Y ahora va contra la división de poderes, piedra angular de la democracia liberal. El Presidente ha busca obtener la facultad legal de modificar el presupuesto de gastos de la Federación aunque haya sido ya discutido y aprobado por el poder legislativo. Se pretende que un poder soberano abdique voluntariamente sus funciones sustantivas en beneficio del Ejecutivo. Es un torpedo en contra del modelo de República democrática y federal fundado por don Benito Juárez y la generación de la reforma. Pareciera que el Presidente quiere construir un Estado semejante a la “Comuna de París”, que logró convertirse en un aparato de poder mucho más justiciero y eficiente que la democracia burguesa de Francia, concentrando en sus manos los tres poderes: el Ejecutivo, el Legislativo y el Judicial.

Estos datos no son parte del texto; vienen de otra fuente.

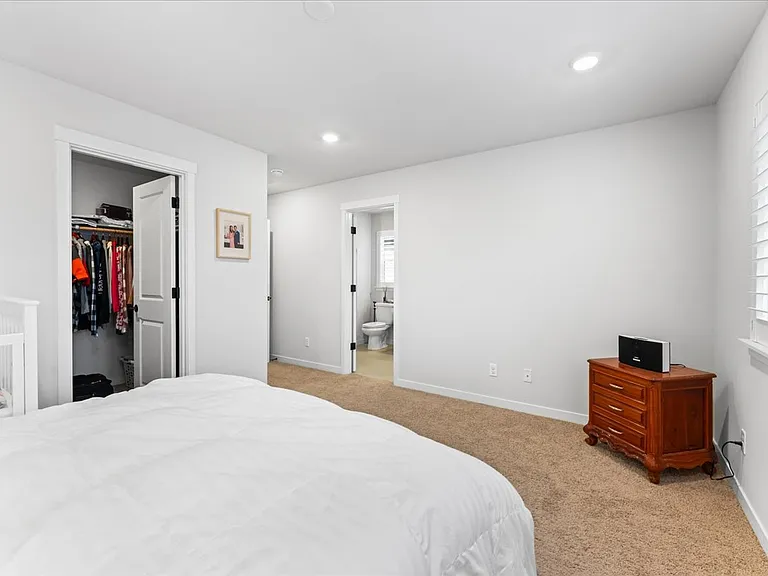 16735 SW Darling Ln — Photo 5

Ya dije que la democracia liberal-burguesa ni es perfecta ni es eterna. Ahora añado que, en realidad, jamás ha funcionado de acuerdo con su modelo teórico; siempre ha sido y sigue siendo una fictio juris que sirve para legitimar el poder de la burguesía que domina al mundo. No nos asusta que alguien la quiera derribar para poner en su lugar al Estado y al gobierno del pueblo trabajador. Pero hay un pequeño detalle: No vemos por ningún lado a ese pueblo en acción; tampoco vemos por ninguna parte al proletariado y su partido guiando al pueblo entero en busca de un cambio radical de la sociedad y del Estado. Lo que vemos es a un solo hombre con pretensiones de iluminado que pretende ocupar, él solo, el lugar del pueblo organizado y en acción. Los antorchistas no defendemos a rajatabla la imperfecta democracia mexicana, pero sí nos oponemos radicalmente a que sea suprimida para colocar en su lugar a un político cuya capacidad de estadista y cuyo equilibrio emocional no acaban de convencer a la gran mayoría de los mexicanos. Eso es todo.